No entanto, no entendimento dos autarcas da Misericórdia e de Santa Maria Maior, juntas de freguesia de Lisboa onde se concentram o maior número de Lojas com História, é necessário “rever os critérios do programa”, aumentar a “fiscalização” e “controlar a desregulação verificada no setor imobiliário”.

António Manuel, vogal da Junta de Freguesia de Santa Maria Maior e responsável pelos pelouros do Comércio e da Atividade Económica, considerou que um dos principais problemas do programa Loja com História são “os critérios de classificação”, defendendo a revisão do regulamento.

“Um dos problemas que tem estado por detrás desta situação de muitas lojas desaparecerem, ou não serem classificadas como Lojas com História, tem a ver com os critérios do programa de Lisboa que tem um regulamento muito penalizador para a candidatura das lojas“, apontou.

No entendimento do autarca, o atual regulamento “não valoriza os aspetos imateriais e as verdadeiras marcas identitárias do comércio tradicional”, não prevendo também a participação das juntas de freguesia no conselho consultivo do programa Lojas com História.

“Estes critérios estão muito aquém dos critérios definidos por outros municípios do país“, apontou António Manuel, defendendo também a necessidade de ser revista a lei do licenciamento urbanístico e do arrendamento comercial.

“Eu aqui recordo muitas vezes o exemplo de Barcelona, que cancela o licenciamento urbanístico em prédios onde existem lojas emblemáticas para evitar o seu desmantelamento. Portanto, antes do licenciamento ser feito, analisa-se a situação dessas lojas, a sua importância e o futuro para a cidade”, defendeu.

Segundo adiantou António Manuel, a freguesia de Santa Maria Maior alberga atualmente 94 das 154 Lojas com História existentes na cidade de Lisboa.

A necessidade de serem mudados os critérios para a classificação de Loja com História é também defendida pelo presidente do Fórum Cidadania Lx, Paulo Ferrero.

É um galardão.

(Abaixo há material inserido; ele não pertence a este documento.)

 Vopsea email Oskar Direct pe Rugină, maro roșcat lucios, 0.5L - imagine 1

Uma coisa elitista. Não há que ter medo do termo. Não podemos ter a joalharia que vende quinquilharia, mas tem 25 anos ao lado da Ferreira Marques. Isto não poder ser banalizado”, defendeu.

Já a presidente da Junta de Freguesia da Misericórdia, Carla Madeira (PS), queixou-se da “descaracterização” que está a ocorrer em locais como o Bairro Alto, sublinhando que as Lojas com História e “as mais emblemáticas” estão a ser substituídas por estabelecimentos que vendem bebidas.

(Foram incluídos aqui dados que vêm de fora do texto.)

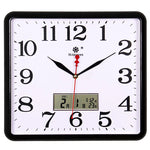 horloge murale carrée quartz aiguille classique cadre marron cadran blanc salon cuisine decoration murale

“Aqui nós vivemos uma situação um bocadinho diferente. Quer as Lojas com História, quer as outras lojas que são importantes para o comércio local e tradicional, são cada vez mais transformadas em bares. Ou seja, há um monocomércio em toda esta zona”, criticou.

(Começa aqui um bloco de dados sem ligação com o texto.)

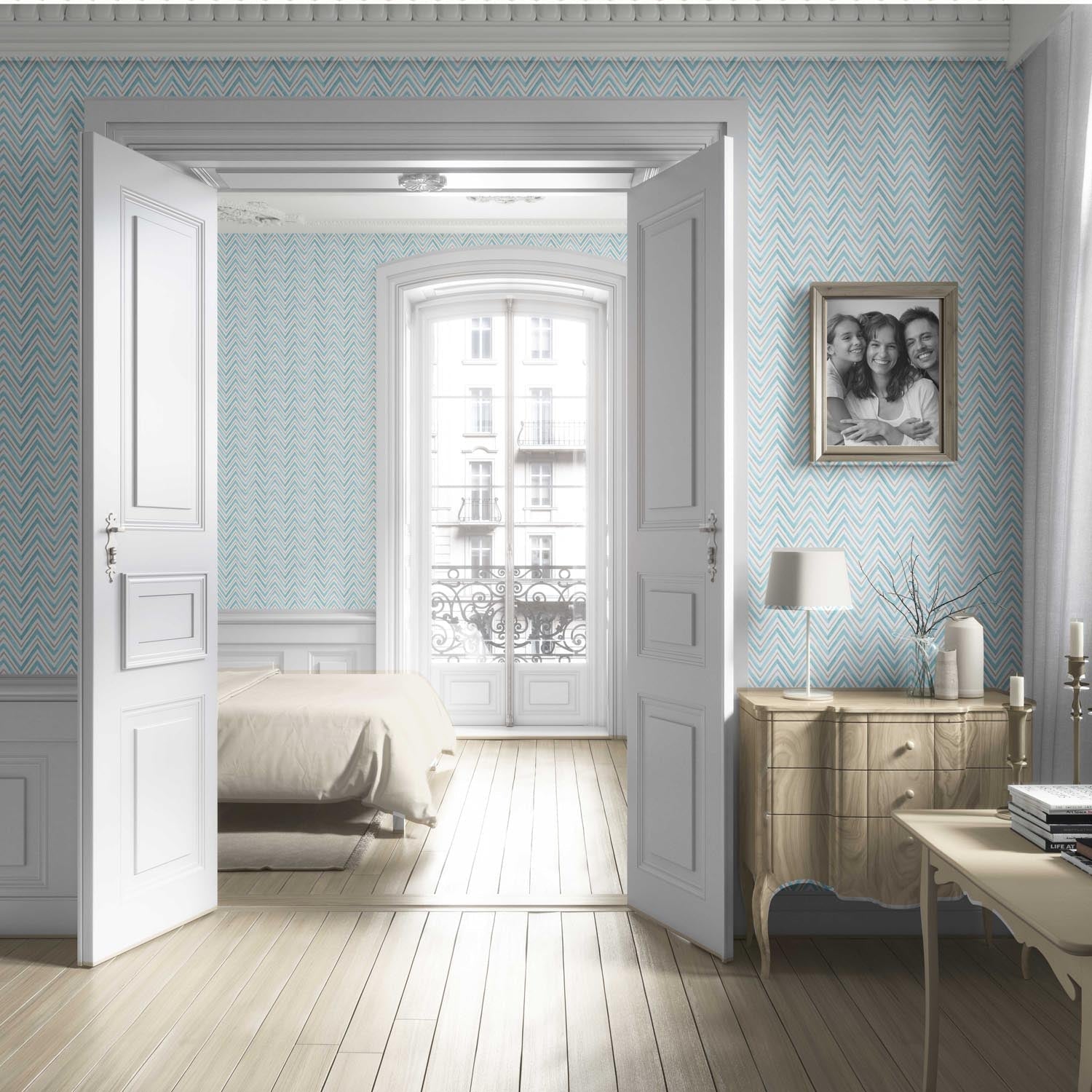 Geometric Zigzag/ Chevron Living Room Wallpaper Sample (Blue)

Carla Madeira classificou o atual Bairro Alto como um destino para o “turismo etílico” e defendeu a necessidade de existir um reforço da fiscalização nos estabelecimentos comerciais que se dedicam à venda de álcool.

“O Bairro Alto de agora não é o Bairro Alto de há uns anos, em que era possível haver uma zona onde havia algum consumo de álcool, mas em que havia um conjunto de outro comércio, de outro tipo de clientes. Essa é uma preocupação que os clientes mais antigos têm.

A título de exemplo, Carla Madeira fez uma referência ao encerramento recente do restaurante Bota Alta, que estava classificado como Loja com História e cujo espaço irá servir, segundo adiantou a autarca, para a ampliação de um bar já existente no Bairro Alto.

“Este espaço do Bota Alta, segundo eu tive informação, já foi arrendado ao proprietário do estabelecimento ao lado, que é o Copacabana. É um bar que vende muita bebida para a rua”, apontou.

Questionado pela Lusa, o investigador João Barreta, especialista em urbanismo comercial, explicou que “a não sobrevivência” de muitas das Lojas com História se deve a vários fatores “exógenos”, nomeadamente o “funcionamento desregrado do mercado imobiliário (rendas, especulação)” e a “ausência de políticas públicas do Governo e das autarquias”.

“Jamais se passou da teoria à prática no que se refere às Cartas de Ordenamento do Comércio e Serviços, a Planos Locais de Promoção e Desenvolvimento das Atividades Económicas. Não foram reconhecidas as potencialidades de uma gestão integrada das zonas nobre do comércio, entre outras iniciativas que o setor de há muito já justificará”, sublinhou.